= William J. Pascrell III =

William J. Pascrell III is an American lobbyist with the Princeton Public Affairs Group, and has been the Passaic County Counsel. He has worked for United States Senator and Governor Jon Corzine, United States Senator Frank Lautenberg, United States Senator Robert Menendez, Congressman Robert Roe, Herb Klein and Albio Sires as well as Governor James E. McGreevey. Pascrell earned an Emmy Award nomination in the category of Outstanding Talk Program Series for "The Battling Bills," a program he created jointly with Bill Palatucci.
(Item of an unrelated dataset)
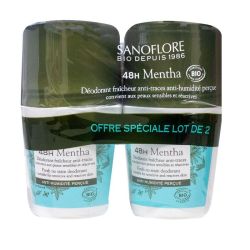 Sanoflore Deo 48H Mentha 2X50Ml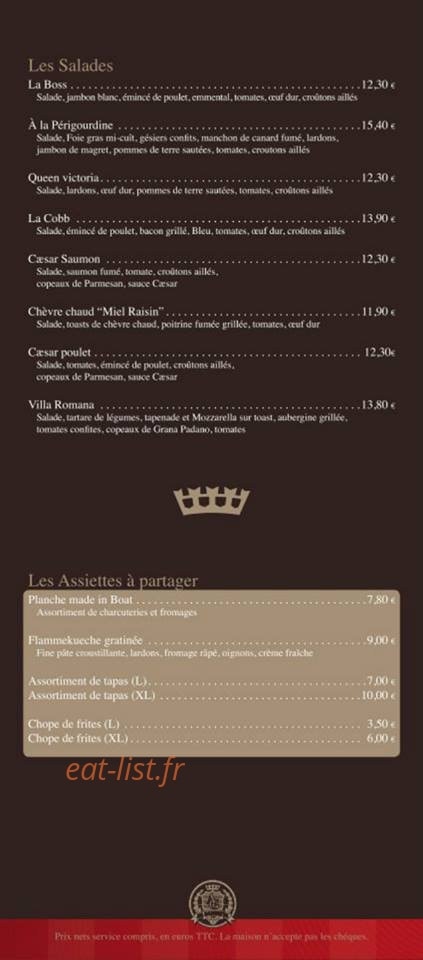 Au Gambetta — carte page 5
Pascrell graduated from Rutgers University and the Eagleton Institute of Politics, and earned a Juris Doctor from Seton Hall University.

== Career ==
Pascrell was first appointed Passaic County Counsel in February 1998 and consecutively reappointed to three-year terms as recently as 2013. Since his appointment, he declined use of a county vehicle and county health benefits while taking a lower salary than the prior counsel. In 2010, during his reappointment he was described as the "favorite son" of the Passaic County Democrats. Following the completion of his sixth term as County Counsel in 2016, he became a lobbyist at the Princeton Public Affairs Group, the largest lobbying firm in New Jersey.

== Personal life ==
Pascrell is the son of the late Bill Pascrell, Jr., a fixture of Passaic County politics who served as mayor of Paterson (1990 to 1997), state delegate (1988 to 1997), and congressman from 1997 until his death in 2024, first in the 8th Congressional District, then the 9th.